= Popular Movement for the Liberation of Chad =

The Popular Movement for the Liberation of Chad (Mouvement Populaire pour la Libération du Tchad or MPLT) was a small rebel group active in Chad during the civil war.

It was born in 1977 as a splinter group from Goukouni Oueddei's People's Armed Forces (FAP), and originally assumed the name of Third Liberation Army of the FROLINAT. The formation originated from the expulsion of Aboubakar Abdel Rahmane from the Comité Militaire Interarmées Provisoire (CMIAP) of the FAP: he had protested against the bias in favour of the Borkou-Ennedi-Tibesti and the neglect in which the Kanem region was kept. Expelled, Abdel Rahmane, a semi-illiterate Kanembu, recruited some following among his people and became active around Lake Chad, in the Kanem area.

In 1978 it became internationally known when it took as hostages two young Europeans who were travelling in the region; the action caused an outcry to which all other factions participated, bringing in short to the release of the prisoners, especially thanks to the intermediation of Nigeria. This country had become the best supporter of the movement, even if it is not clear to what extent did this support arrive.

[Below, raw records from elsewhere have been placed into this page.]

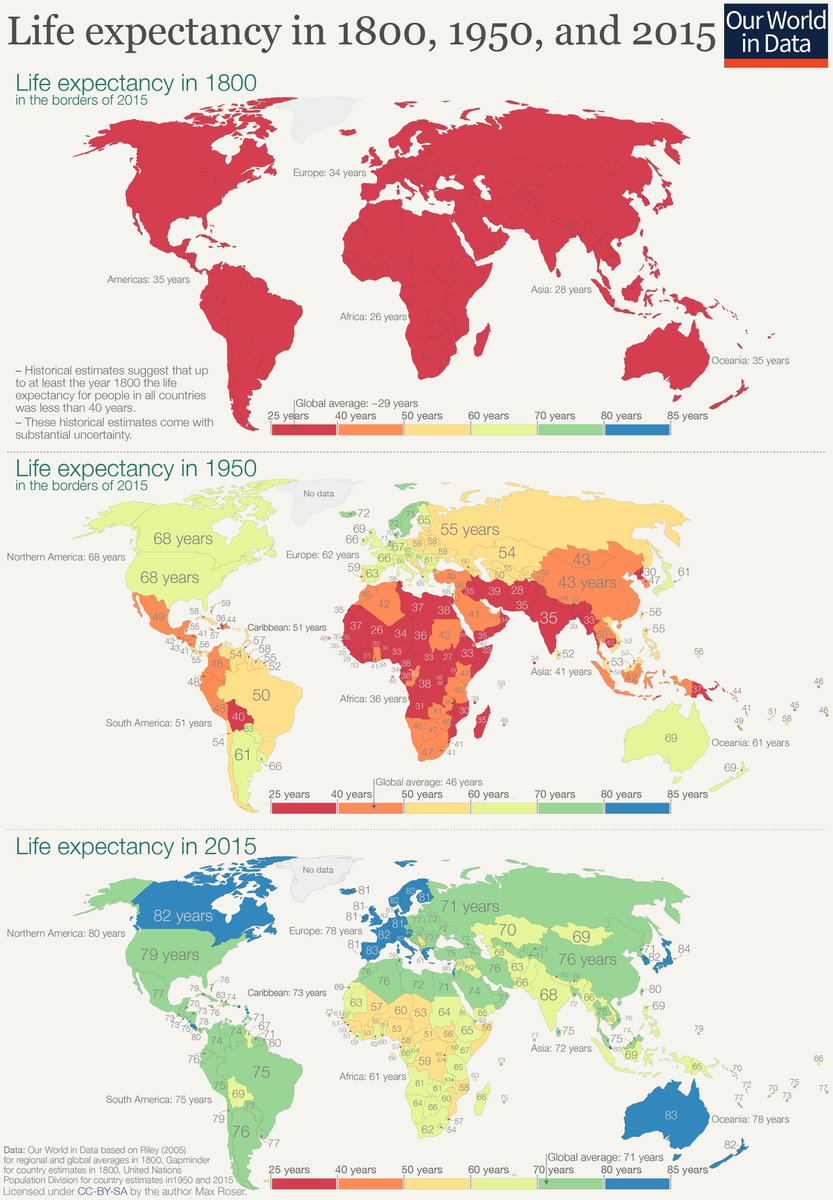 Just published my latest post a moment ago: ourworldindata.org/life-expectanc…

I wrote about one of the most important aspects of our history, the improvement of life expectancy around the world and what is possible for the future.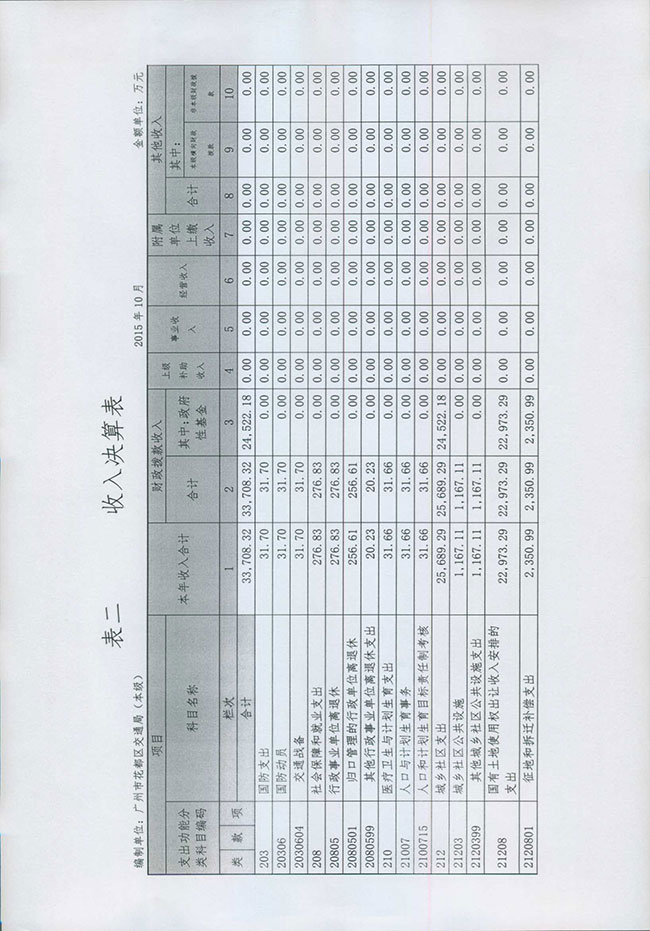 葡京娱乐场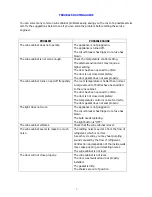 Preview for 8 page of Caple Wi6112 Instruction Manual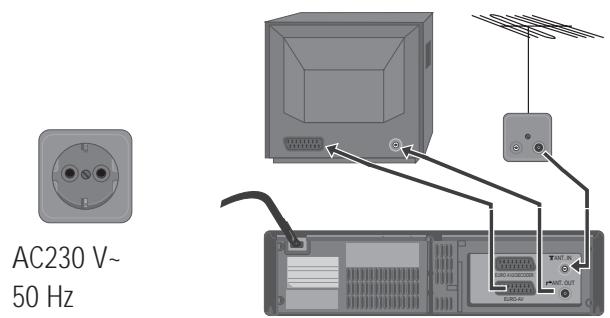 INTERNATIONAL ON63 - Installation du magnétoscope - 1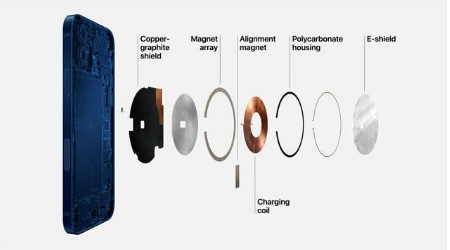 来凤苹果手机维修分享iPhone 12真的会威胁身体健康吗 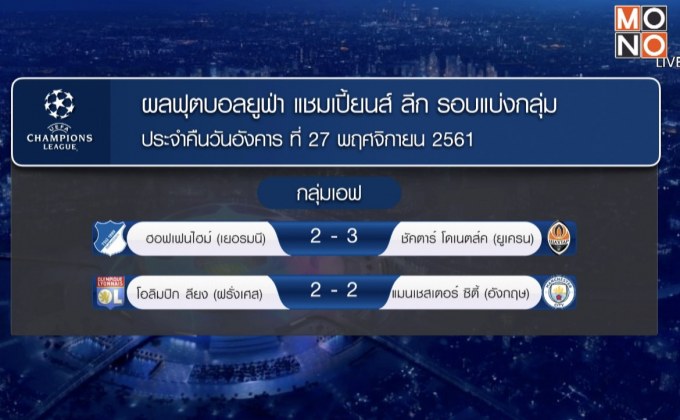 ผลฟุตบอลยูฟ่า แชมเปี้ยนส์ ลีก รอบแบ่งกลุ่ม
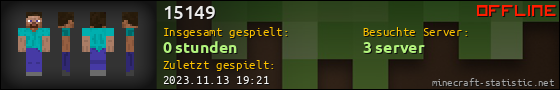 Benutzerleisten 560x90 für 15149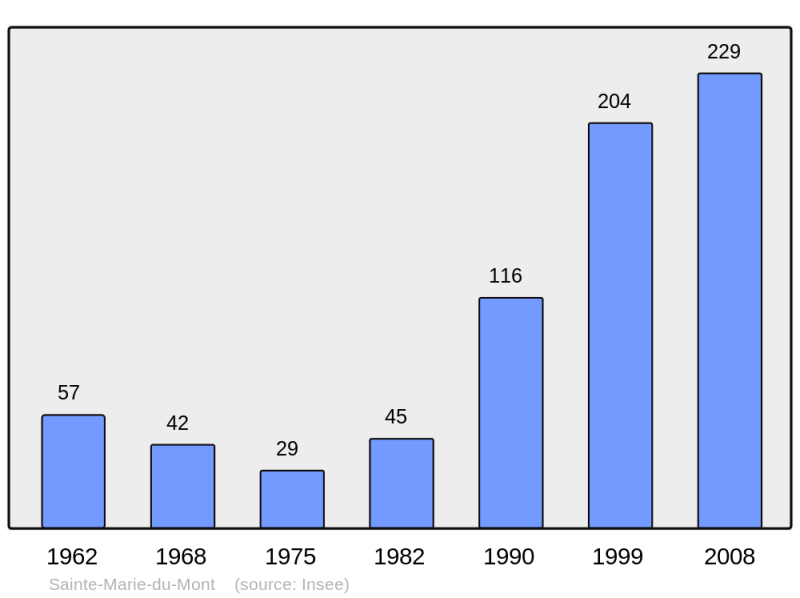 Soubor:Population - Municipality code 38418.png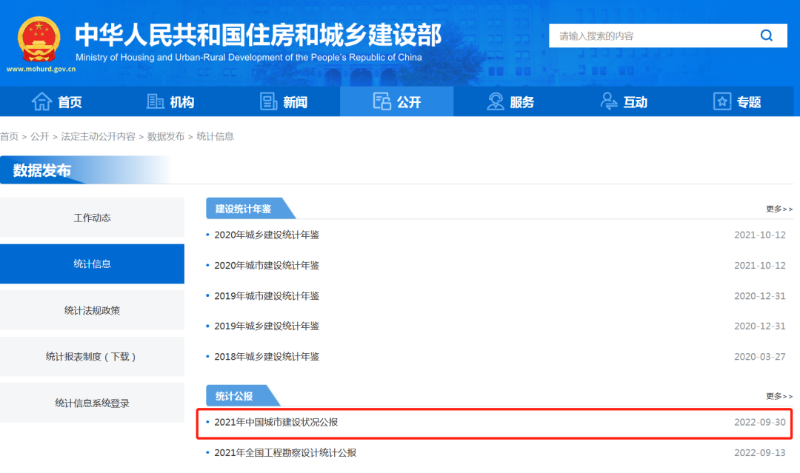 2021年中国城市建设状况公报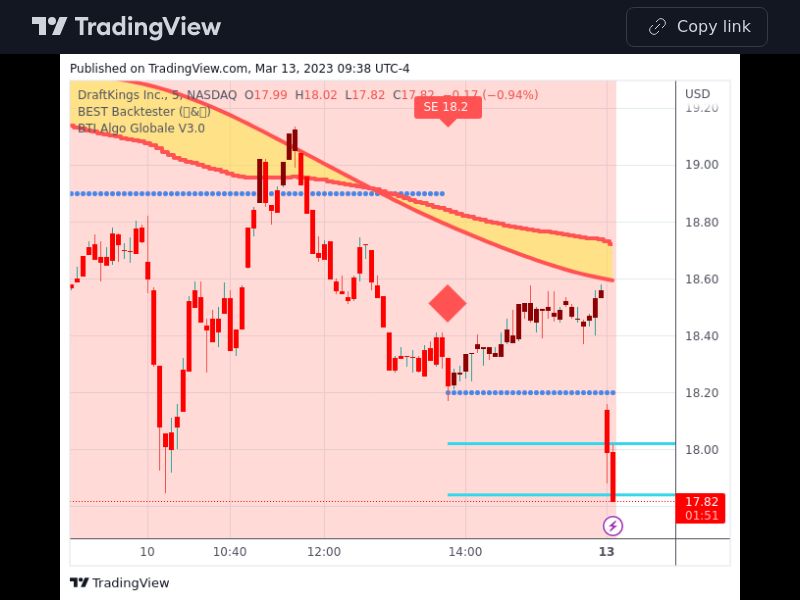 TradingView trade DKNG 5 minutes 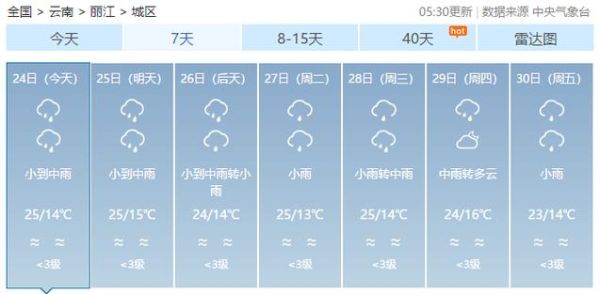 丽江一周天气预报(  是晴天还是雨天)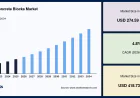 Hollow Concrete Blocks Market Forecast: CAGR of 4.8% During 2026–2034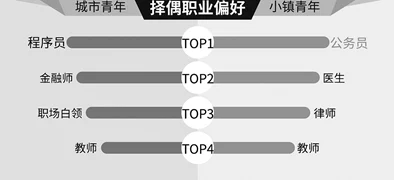 附近有没有女学生的电话:都市青年社交安全调查报告—从信息获取到隐私保护的生存指南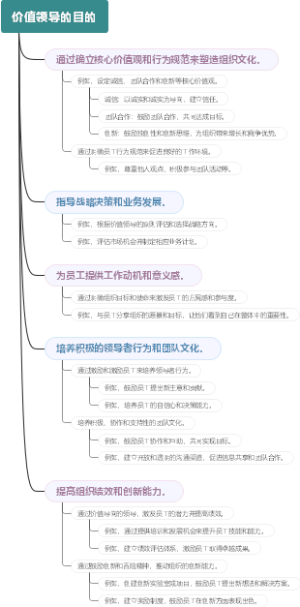 价值领导的目的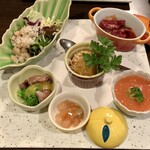 用户对于イバール的评论图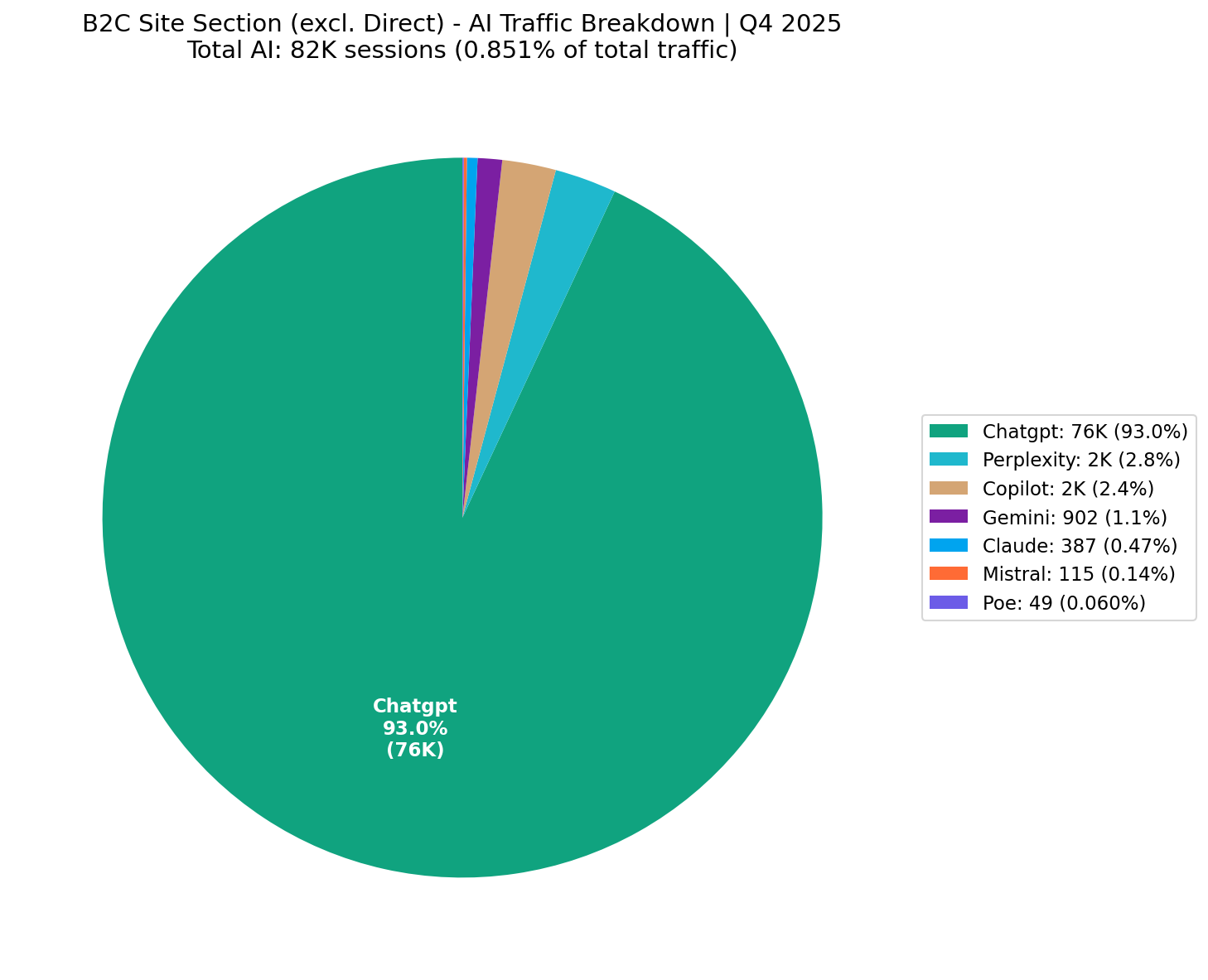 AI Traffic Breakdown | Q4 2025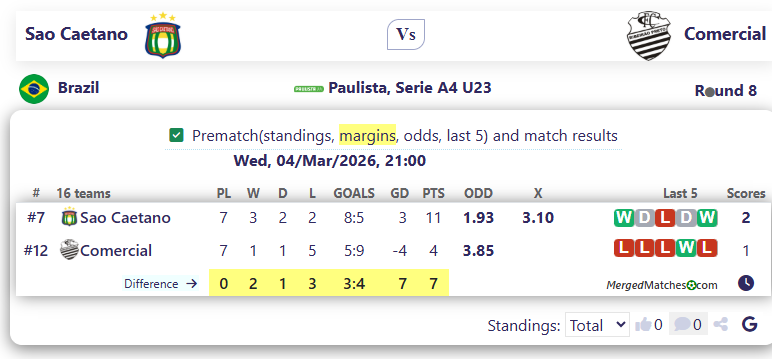 Sao Caetano Vs Comercial screenshot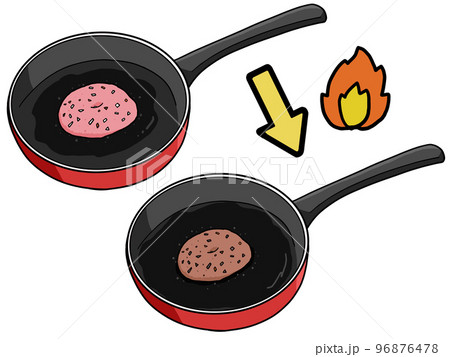 焼く前と後のハンバーグのイラスト（フライパン付き） 96876478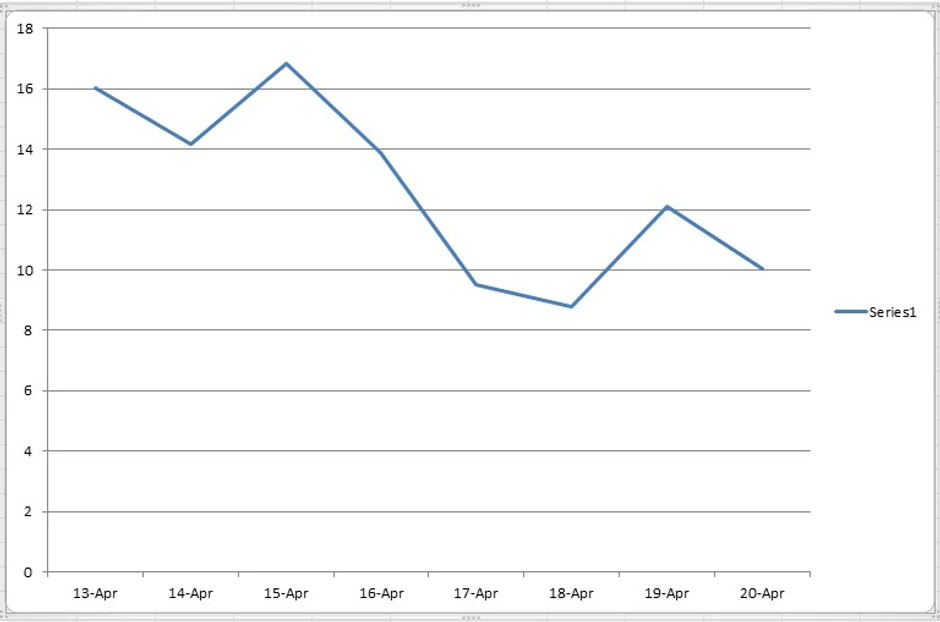 Koeficijent je u jasnoj silaznoj putanji
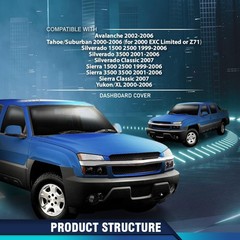 PIT66 TPE Dash Bezel Cover Dashboard, Compatible with Chevy Silverado/GMC Sierra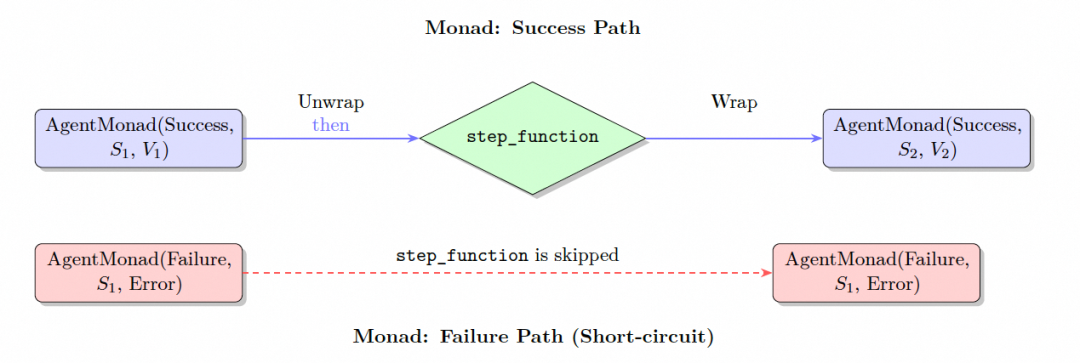 Monad 的成功与失败路径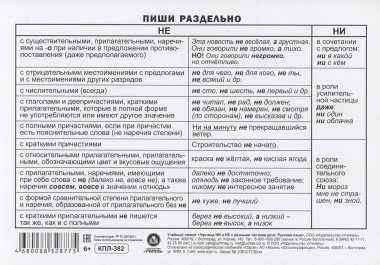 Учебные плакаты. Русский язык. НЕ и НИ с разными частями речи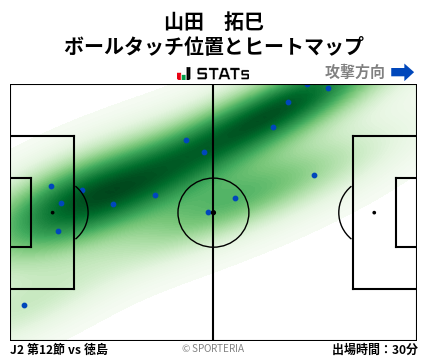 ヒートマップ - 山田　拓巳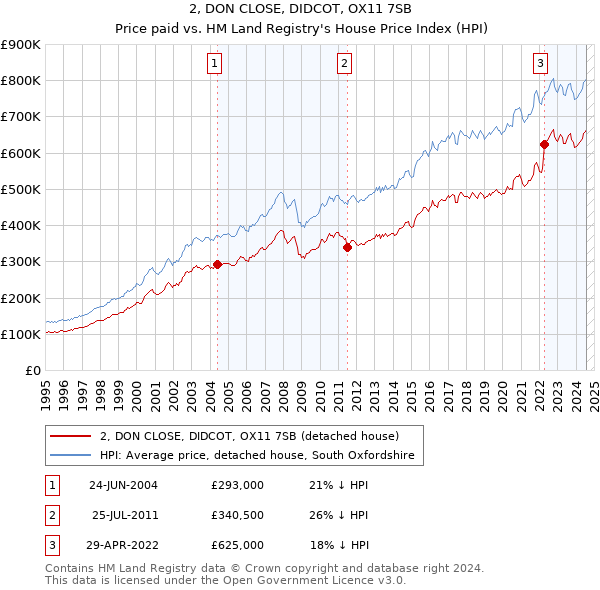 2, DON CLOSE, DIDCOT, OX11 7SB: Price paid vs HM Land Registry's House Price Index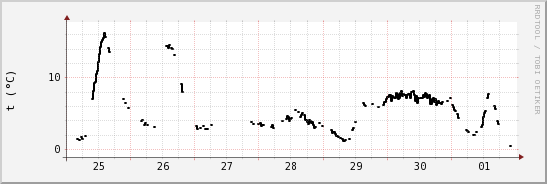 wykres przebiegu zmian windchill temp.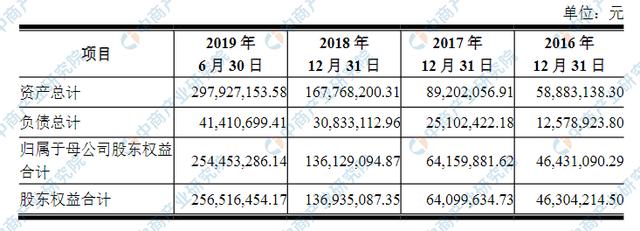 广东八二站资料大全正版,全面分析应用数据_钻石版49.571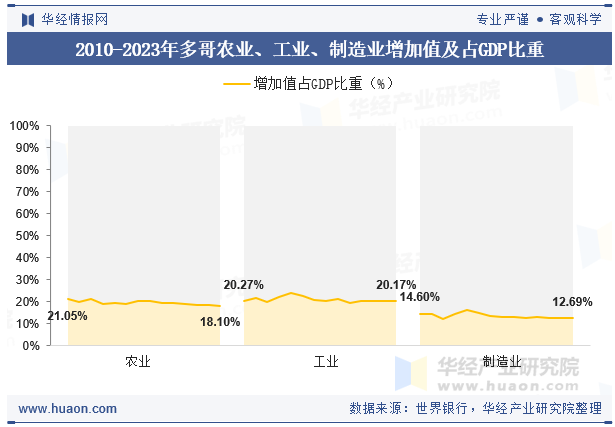 2010-2023年多哥农业、工业、制造业增加值及占GDP比重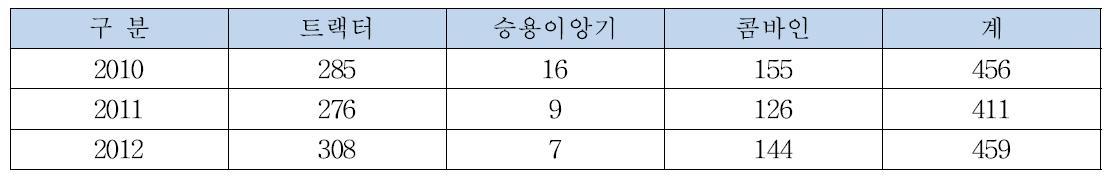 중고농기계 판매업소 수출현황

The group assumed the name of Popular Movement for the Liberation of Chad in mid-February 1979. It can be reasonably supposed that Nigerian support was decisive in understanding its invitation at the Kano Peace Conference organized by Nigeria between March 11 and March 16, 1979 to put an end to the anarchy that was devouring Chad from February 12, when the central government had started collapsing. The first three invited, Félix Malloum, Hissène Habré, Goukouni, were obvious, as they represented respectively the government and the countries two greatest militias (FAN and FAP); but Abdel Rahmane led only a very minor force, even he had tried to swell it by recruiting among the criminal element of N'Djamena, thing that is said to have acquired the MPLT a solid reputation for looting.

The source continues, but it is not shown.